Su Peng, Zhao Yuxin, Li Xiaobo, Ma Zhendi, Wang Hui
School of Computer Science and Technology, Zhejiang Normal University, Jinhua 321004, China.
Biomimetics (Basel). 2025 Aug 10;10(8):523. doi: 10.3390/biomimetics10080523.
As modern medical technology advances, the utilization of gene expression data has proliferated across diverse domains, particularly in cancer diagnosis and prognosis monitoring. However, gene expression data is often characterized by high dimensionality and a prevalence of redundant and noisy information, prompting the need for effective strategies to mitigate issues like the curse of dimensionality and overfitting. This study introduces a novel hybrid ensemble equilibrium optimizer gene selection algorithm in response. In the first stage, a hybrid approach, combining multiple filters and gene correlation-based methods, is used to select an optimal subset of genes, which is achieved by evaluating the redundancy and complementary relationships among genes to obtain a subset with maximal information content. In the second stage, an equilibrium optimizer algorithm incorporating Gaussian Barebone and a novel gene pruning strategy is employed to further search for the optimal gene subset within the candidate gene space selected in the first stage. To demonstrate the superiority of the proposed method, it was compared with nine feature selection techniques on 15 datasets. The results indicate that the ensemble filtering method in the first stage exhibits strong stability and effectively reduces the search space of the gene selection algorithms. The improved equilibrium optimizer algorithm enhances the prediction accuracy while significantly reducing the number of selected features.

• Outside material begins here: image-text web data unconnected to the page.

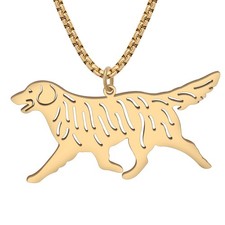 Stainless Steel Cute Golden Retriever Necklace Dog Pendant 18K Gold Plated Je...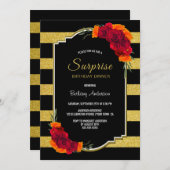 サプライズ誕生日ディナーブラック金ゴールドストライプのフローラ 招待状 (正面/裏面)
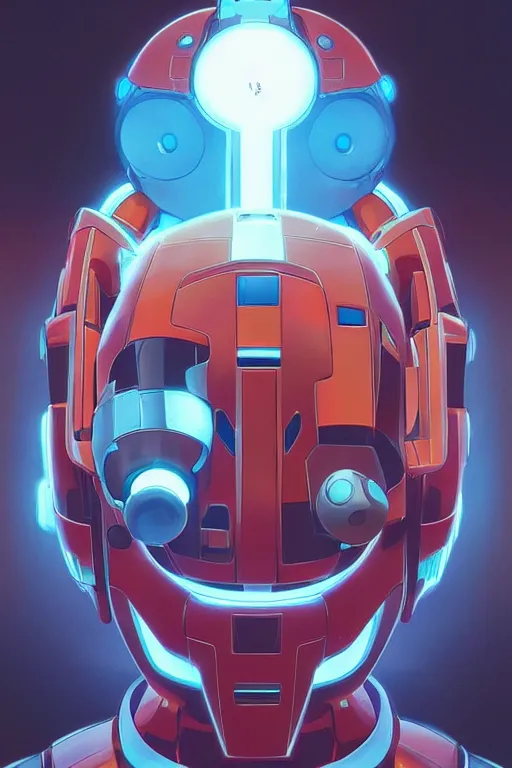 Image similar to metabots medabots medarotto medarot robot minimalist comics helmet mask neon cybereye, behance hd by jesper ejsing, by rhads, makoto shinkai and lois van baarle, ilya kuvshinov, rossdraws global illumination ray tracing hdr radiating a glowing aura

These findings highlight the effectiveness of the proposed method as a valuable approach for gene selection.
随着现代医学技术的进步,基因表达数据在各个领域的应用日益广泛,尤其是在癌症诊断和预后监测方面。然而,基因表达数据通常具有高维度以及大量冗余和噪声信息的特点,这就促使需要有效的策略来缓解诸如维度诅咒和过拟合等问题。本研究相应地引入了一种新颖的混合集成平衡优化器基因选择算法。在第一阶段,采用一种结合多种过滤器和基于基因相关性方法的混合方法来选择基因的最优子集,这是通过评估基因之间的冗余和互补关系来获得具有最大信息含量的子集实现的。在第二阶段,采用一种结合高斯简约法和新颖基因剪枝策略的平衡优化器算法,在第一阶段选择的候选基因空间内进一步搜索最优基因子集。为了证明所提方法的优越性,将其与15个数据集上的九种特征选择技术进行了比较。结果表明,第一阶段的集成过滤方法表现出很强的稳定性,并有效减少了基因选择算法的搜索空间。改进后的平衡优化器算法提高了预测准确性,同时显著减少了所选特征的数量。这些发现凸显了所提方法作为一种有价值的基因选择方法的有效性。